A recent survey conducted by Sonocent has found that for many students this nagging voice is more of a deafening roar.

Of the 1,000 students and recent graduates aged 18-30 surveyed, 34% cited ‘not studying properly / effectively’ as one of their three major regrets from university.

And with the survey revealing that only a small proportion had received any instruction into how to perform core study skills, this is perhaps little wonder. When asked whether they had been taught how to properly revise, source information or deliver presentations, the vast majority of the sample answered ‘no’ (71.1%, 74.1% and 78.6% respectively).

But for me, as an assistive technology trainer working primarily in higher education, what really jumps out from the survey is that just 25.6% of the students and recent graduates had received any instruction into how to take good notes.

I help students use technology to support revision, essay composition and other vital study skills. And I know that without effective notes to draw upon none of these skills can be performed to a high standard.

In fact, the very act of taking notes is central to learning. As Claire Brown, associate director of the Victoria Institute at Victoria University, Melbourne, wrote in a recent article for ‘The Conversation’, we humans “tend to lose almost 40% of new information within the first 24 hours of reading or hearing it”. But with effective notes, “we can retain and retrieve almost 100% of the information we receive”.

And what makes for effective notes? As Claire explains, “the most effective note-taking skills involve active rather than passive learning”, where the student does “things with the material they are engaging with (reading, writing, discussing, solving problems)”.

How many students are doing all this when they take notes? And how many are just scribbling down what they can in lectures and seminars, then trying to fill in the blanks when they come to revise or write essays by borrowing notes from coursemates and cribbing from text books?

In my experience, the majority of students fall squarely into the latter camp. Without being shown effective note-taking practices, they struggle because note taking is a highly complex task, one that research has shown demands greater cognitive effort than playing chess. There’s just so much to do at once! Students must listen, try to understand what they are hearing, summarise and reword, all while keeping up with the speaker and deciding which pieces of information they will need to refer to later.

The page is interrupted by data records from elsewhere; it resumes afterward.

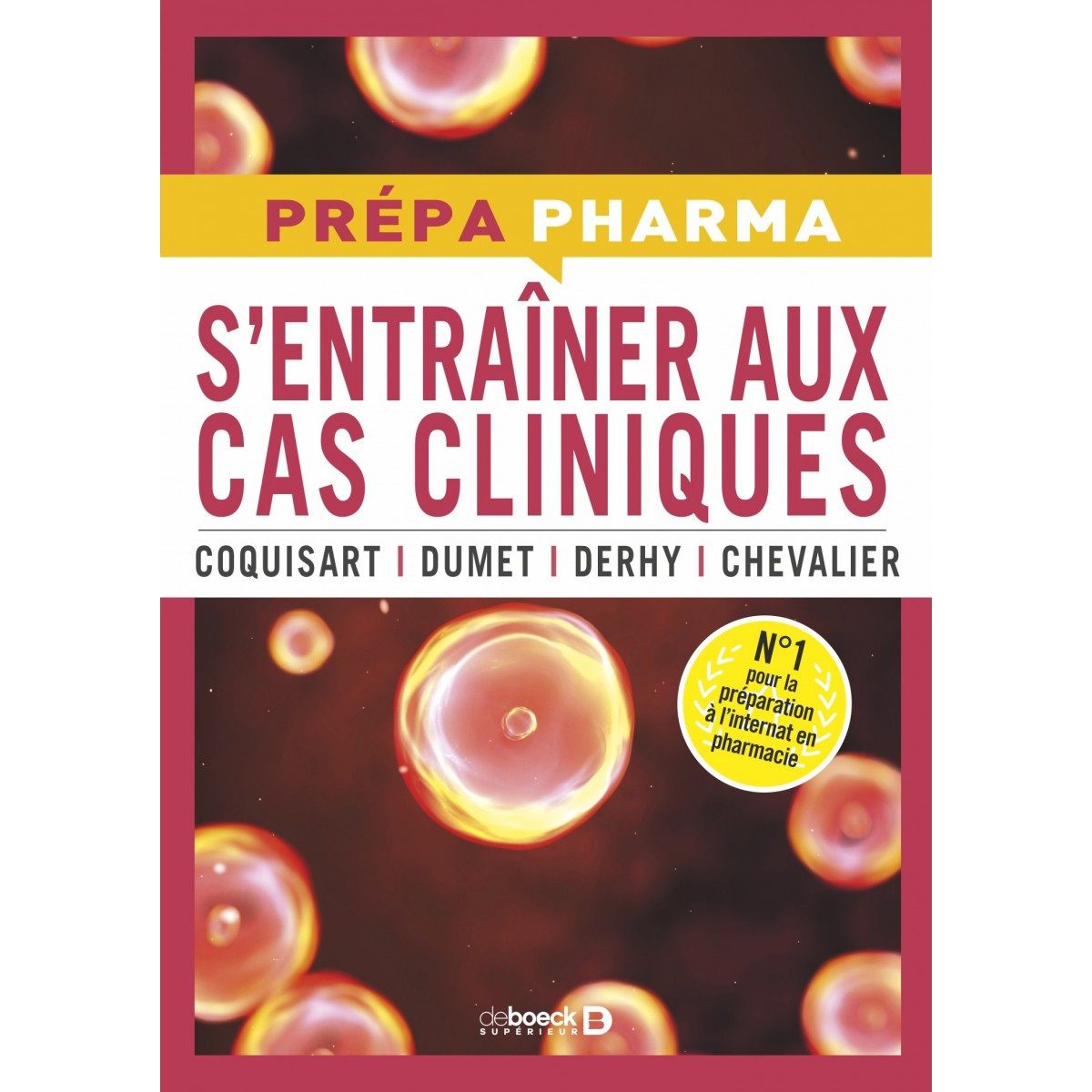 S'entraîner aux cas cliniques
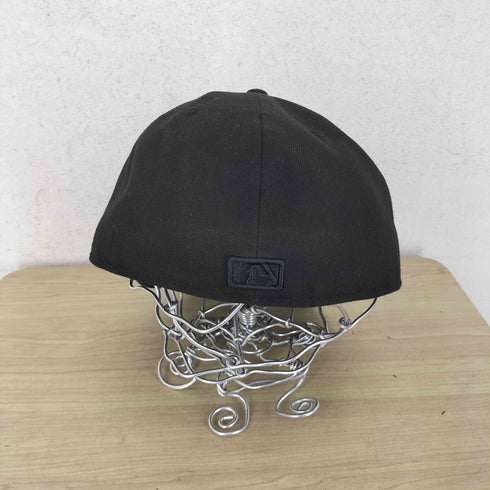 ニューエラ NEW ERA 59IFTY ロゴ刺繍 6パネル キャップ メンズ 7 1/2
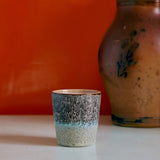 Céramique des années 70 : Tasse à café - Maison Caldeira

In recent years, universities have begun to make recordings of lectures available to students via virtual learning environments such as Blackboard. But while this ensures students have a comprehensive record of everything that’s said and demonstrated in a lecture, capturing information is only one part of good note taking.

For note taking to facilitate learning, students also need to synthesise the information they hear by building connections between new information and what that they already know.

True understanding and improved recall can only happen when a student engages with the information, summarising and organising it. Note taking models such as the Cornell Note-Taking system were developed by academics who recognised this. Here students write questions or keywords in the left-hand column of a page and summarise the main ideas and content of a lecture in their own words in the right: engagement, summarisation, organisation.

Studies show that Cornell and other note-taking systems successfully aid students with understanding and recall. So shouldn’t we be showing all students how to apply them as part of the curriculum? In my view, this should happen at school so that students are better equipped to cope with the self-directed nature of learning in further and higher education, where so much academic instruction is spoken.

The survey results actually fill me with a great deal of optimism. Think how much more our students could achieve with just a little simple guidance in how to study smarter?